- Exercise directions: Everything from the opening line of the records below up to and including the line containing "Wild Horses, Rustic" should be retyped exactly, minus the pictures.

- Given entries:
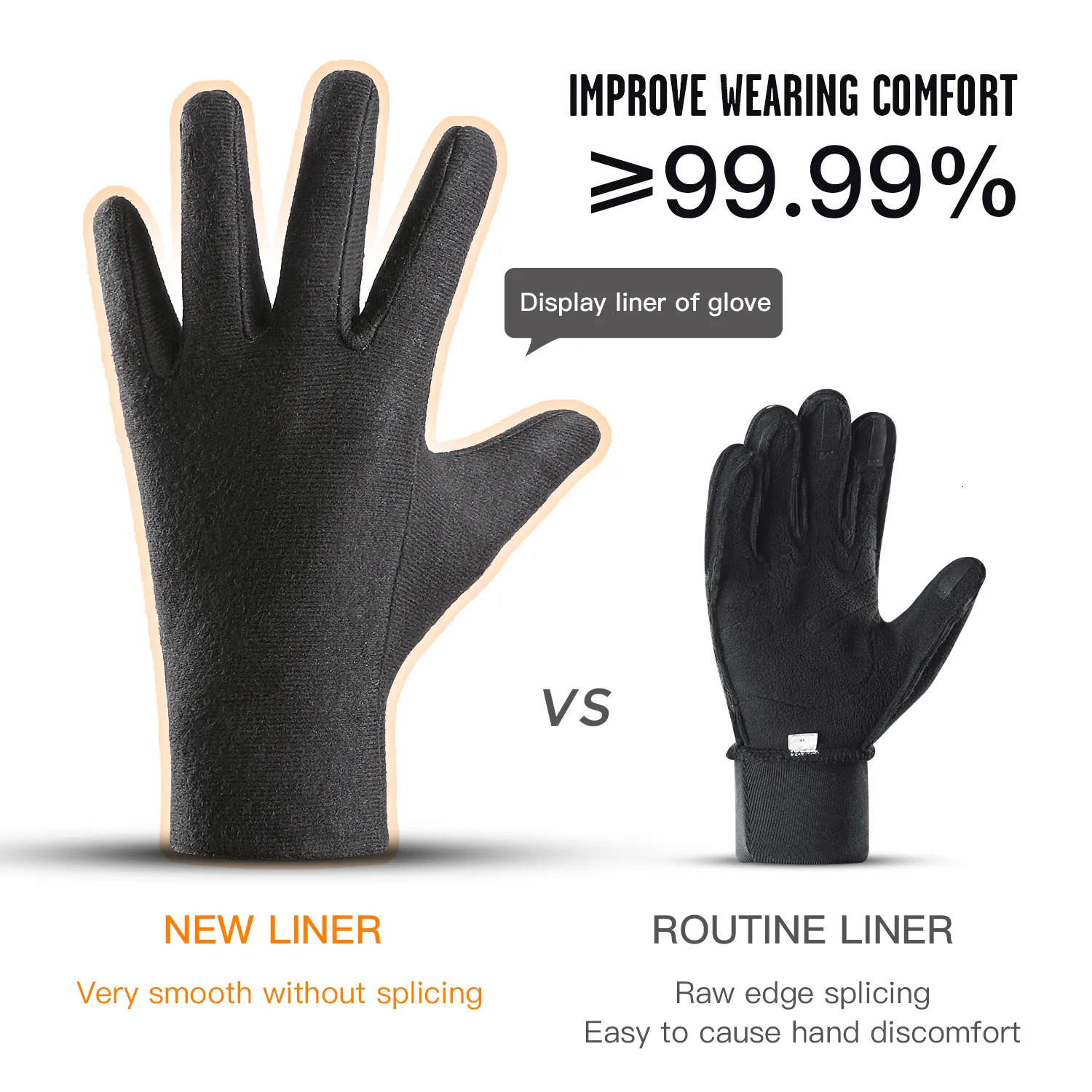 Five Fingers Gloves Thinsulate Winter Men Women Touchscreen Waterproof Cold Weather Cycling Sports Thermal Fleece Running Ski Glove 230928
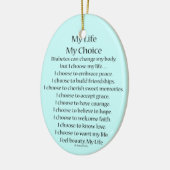 Diabetes Awareness Support Gedicht Ornament Pendan (Links)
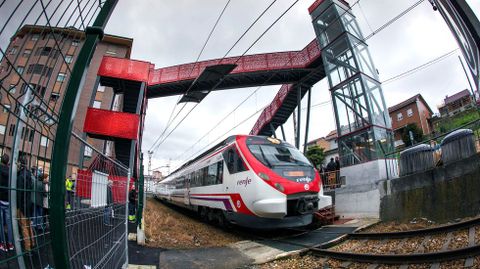 Vías del tren en Corvera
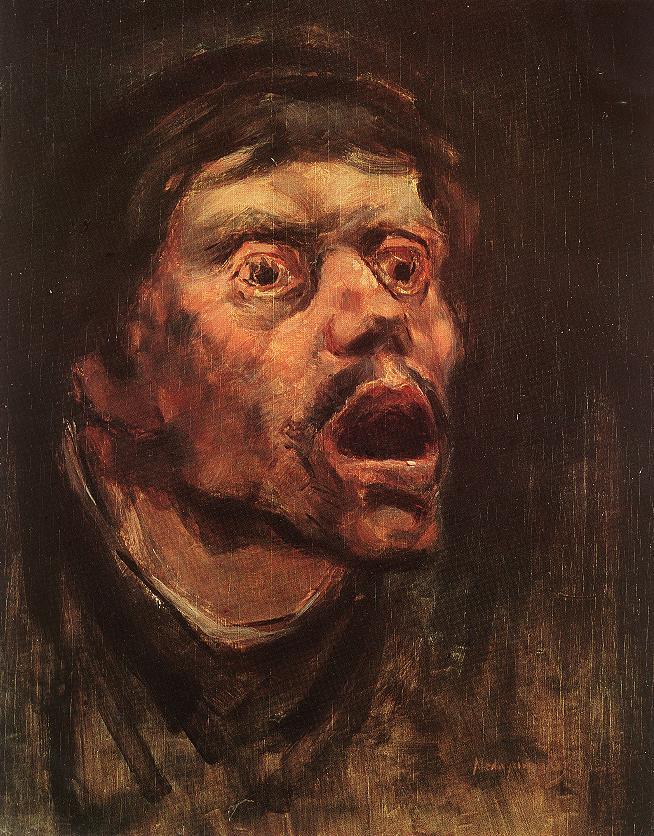 Head of a Tramp (1896) - Laszlo Mednyanszky Tablo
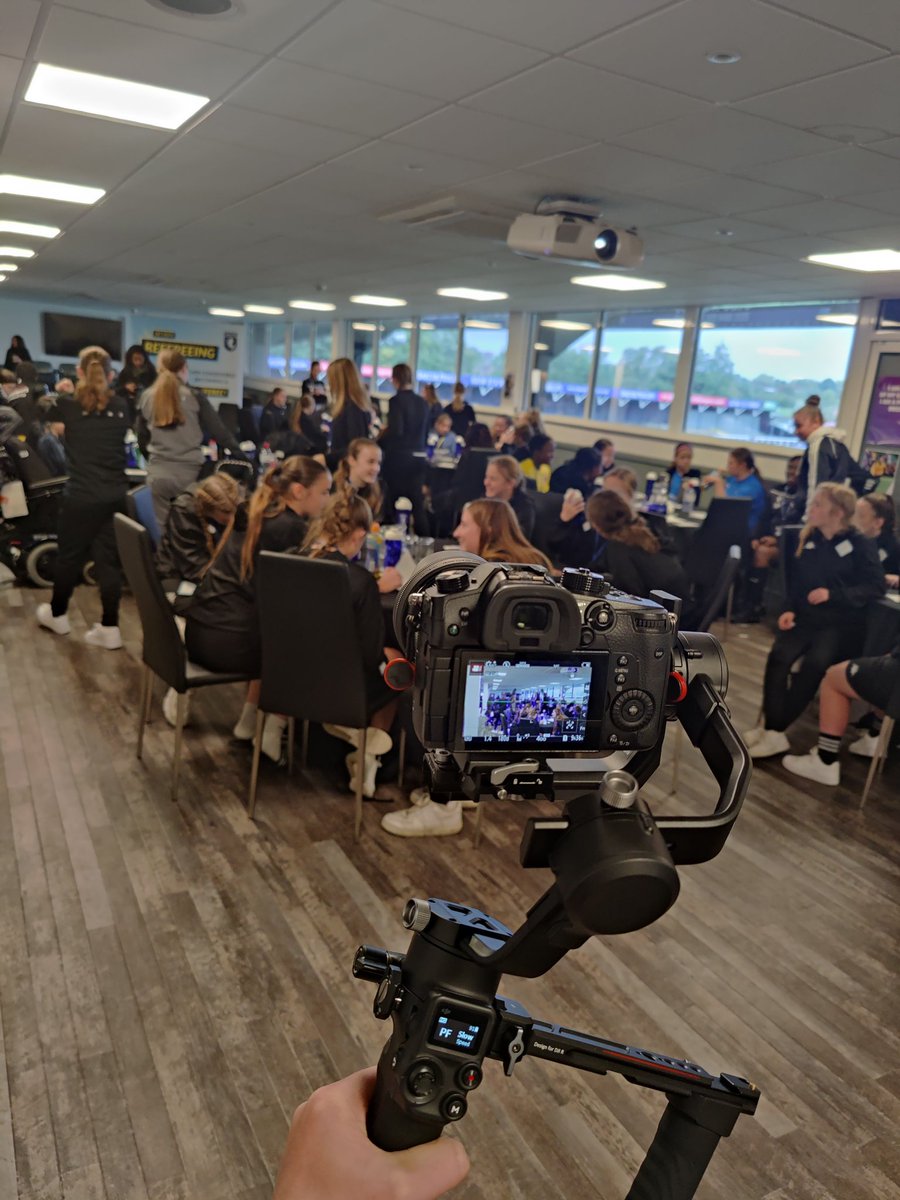 Diamond9UK's tweet photo. Filming for @eighth_wonder8 and @KentFA at @bromleyfc today, such a great idea to show girls an alternative career to playing ⚽ https://t.co/4v4YnpI0dJ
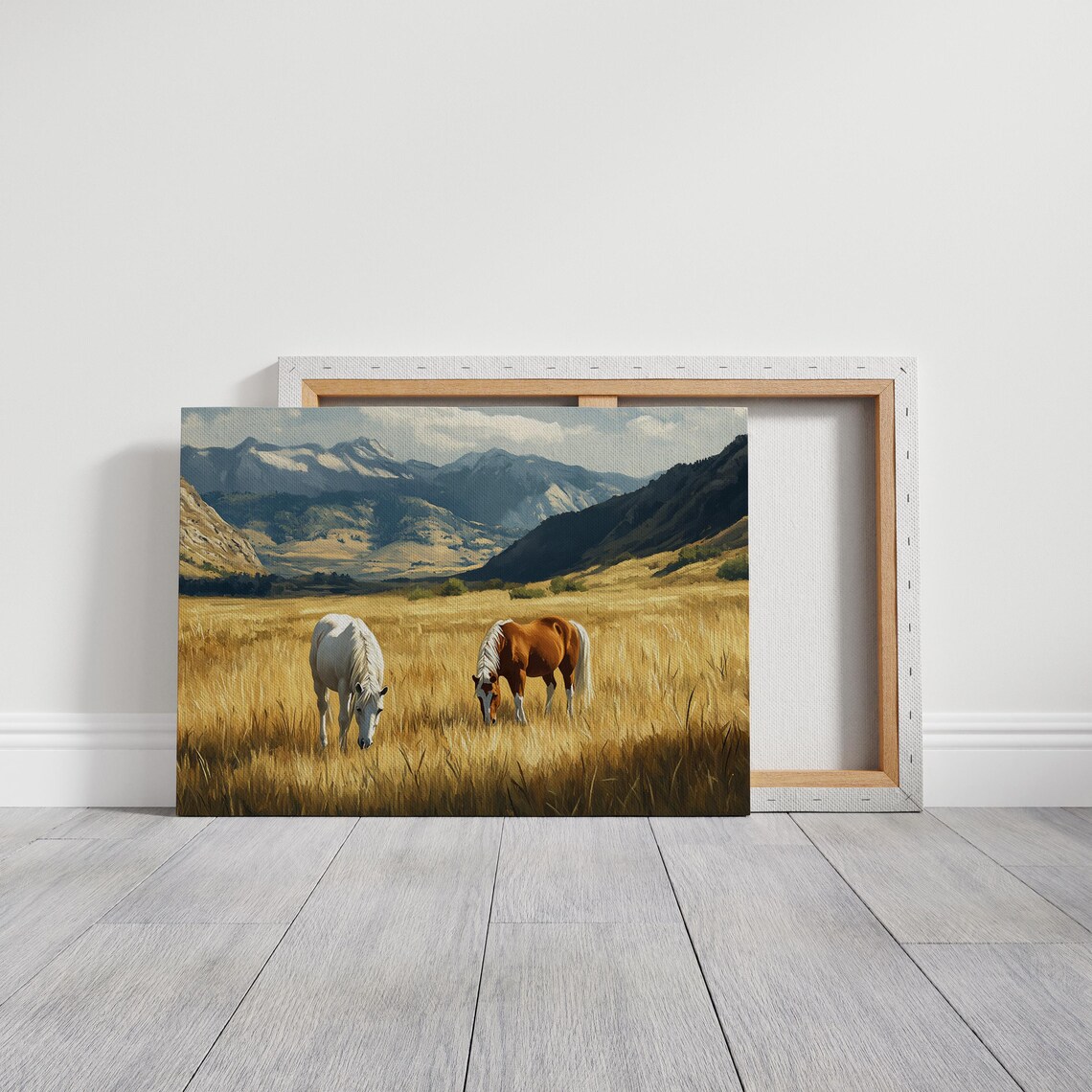 Wild Horses, Rustic Farmhouse Equestrian Art Print - Image 3
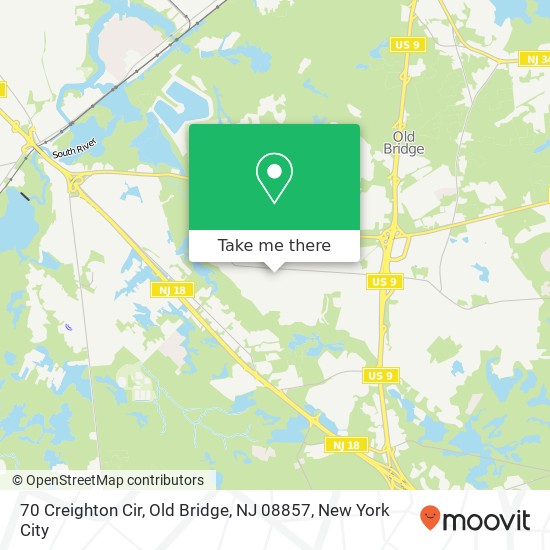 70 Creighton Cir, Old Bridge, NJ 08857 map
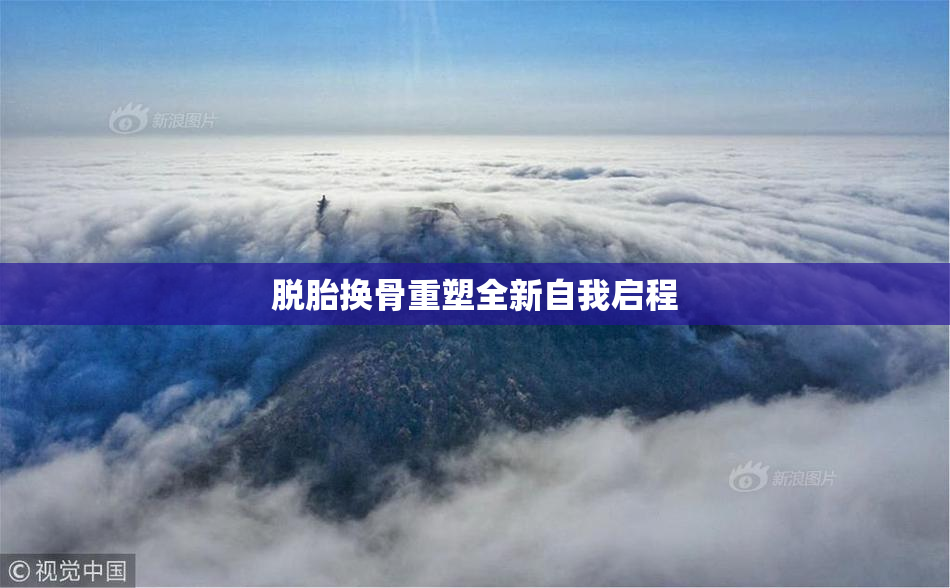 脱胎换骨重塑全新自我启程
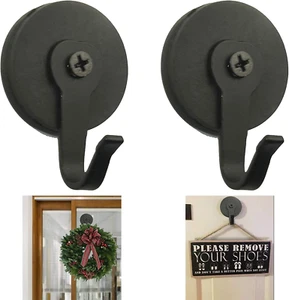 Magnetic Wreath Hanger it can be Used on Metal Door Pack of 2 - Picture 1 of 12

- Answer below:
 Five Fingers Gloves Thinsulate Winter Men Women Touchscreen Waterproof Cold Weather Cycling Sports Thermal Fleece Running Ski Glove 230928
 Diabetes Awareness Support Gedicht Ornament Pendan (Links)
 Vías del tren en Corvera
 Head of a Tramp (1896) - Laszlo Mednyanszky Tablo
 Diamond9UK's tweet photo. Filming for @eighth_wonder8 and @KentFA at @bromleyfc today, such a great idea to show girls an alternative career to playing ⚽ https://t.co/4v4YnpI0dJ
 Wild Horses, Rustic Farmhouse Equestrian Art Print - Image 3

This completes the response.